Doja Cat, Planet Her
One listen to Doja Cat’s 2020 single “Say So” suggested an inevitable breakthrough, a song so undeniable it streaked to the top of the Hot 100; that same listen also revealed the singer’s dexterity, as she confidently crooned, rapped and delivered a rhythmic pop refrain we’d be humming along to for months. Planet Her, Doja Cat’s engrossing new album, presents her as a newly minted star, and one capable of doing a little bit of everything: there are surefire radio hits, R&B detours, hilarious sex metaphors, earnest love paeans, stone-cold bars about twerking (see the delirious highlight “Get Into It (Yuh)”) and some heartfelt falsetto, all of which sound natural on Doja’s singular planet.
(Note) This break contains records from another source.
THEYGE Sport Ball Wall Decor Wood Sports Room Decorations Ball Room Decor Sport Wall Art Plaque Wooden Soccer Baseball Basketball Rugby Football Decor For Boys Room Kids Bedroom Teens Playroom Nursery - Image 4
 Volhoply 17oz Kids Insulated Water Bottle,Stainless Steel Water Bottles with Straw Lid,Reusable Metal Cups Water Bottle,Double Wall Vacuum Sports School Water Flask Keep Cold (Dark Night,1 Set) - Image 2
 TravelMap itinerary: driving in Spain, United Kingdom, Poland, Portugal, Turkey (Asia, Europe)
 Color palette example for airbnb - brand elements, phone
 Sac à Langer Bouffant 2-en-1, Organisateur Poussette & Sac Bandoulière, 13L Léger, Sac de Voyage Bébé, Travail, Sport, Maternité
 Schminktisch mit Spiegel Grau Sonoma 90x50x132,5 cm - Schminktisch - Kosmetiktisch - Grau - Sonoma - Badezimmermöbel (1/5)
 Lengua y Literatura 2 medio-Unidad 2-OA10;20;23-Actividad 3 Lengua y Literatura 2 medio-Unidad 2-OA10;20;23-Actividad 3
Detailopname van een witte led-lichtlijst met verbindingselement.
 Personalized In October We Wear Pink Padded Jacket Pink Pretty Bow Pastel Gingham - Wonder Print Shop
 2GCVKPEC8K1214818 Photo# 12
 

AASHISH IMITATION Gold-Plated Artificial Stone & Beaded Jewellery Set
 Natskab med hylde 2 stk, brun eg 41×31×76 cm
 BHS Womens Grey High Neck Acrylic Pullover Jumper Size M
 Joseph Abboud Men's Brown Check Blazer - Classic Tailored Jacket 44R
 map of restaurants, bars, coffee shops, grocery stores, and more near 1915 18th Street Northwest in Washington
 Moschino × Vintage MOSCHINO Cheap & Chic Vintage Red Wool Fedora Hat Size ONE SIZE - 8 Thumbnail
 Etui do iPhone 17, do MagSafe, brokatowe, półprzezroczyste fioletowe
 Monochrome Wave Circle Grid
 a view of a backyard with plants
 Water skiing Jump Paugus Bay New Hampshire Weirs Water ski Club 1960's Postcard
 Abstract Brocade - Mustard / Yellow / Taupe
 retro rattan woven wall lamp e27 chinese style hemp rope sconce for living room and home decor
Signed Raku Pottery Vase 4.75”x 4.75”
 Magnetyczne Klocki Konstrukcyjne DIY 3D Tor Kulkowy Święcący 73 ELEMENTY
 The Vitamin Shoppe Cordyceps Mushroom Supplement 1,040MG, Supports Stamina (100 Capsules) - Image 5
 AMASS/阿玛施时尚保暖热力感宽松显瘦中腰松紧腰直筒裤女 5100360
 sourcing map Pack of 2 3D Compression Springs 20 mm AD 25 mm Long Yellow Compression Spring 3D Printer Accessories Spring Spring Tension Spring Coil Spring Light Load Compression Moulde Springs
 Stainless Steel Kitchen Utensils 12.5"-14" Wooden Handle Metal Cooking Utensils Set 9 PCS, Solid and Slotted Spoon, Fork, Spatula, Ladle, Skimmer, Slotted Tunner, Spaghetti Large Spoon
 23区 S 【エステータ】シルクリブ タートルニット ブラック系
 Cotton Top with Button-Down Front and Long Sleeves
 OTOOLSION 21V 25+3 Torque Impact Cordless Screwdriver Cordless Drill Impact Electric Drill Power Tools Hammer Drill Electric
Tyler, The Creator, Call Me If You Get Lost
With an album cover that nods to Ol’ Dirty Bastard and DJ Drama drops throughout the full-length recalling mixtape days of yore, Tyler, The Creator’s Call Me If You Get Lost could be mistaken for a trip down hip-hop’s memory lane for the ever-outlandish MC. The follow-up to 2019’s Igor does have an esoteric throwback feel, but never gets bogged down in nostalgia: tracks like “Lemonhead” with 42 Dugg and “Rise!” with Daisy World are live-wire showcases for emerging talent, as well as for Tyler’s viscous, reliable flow.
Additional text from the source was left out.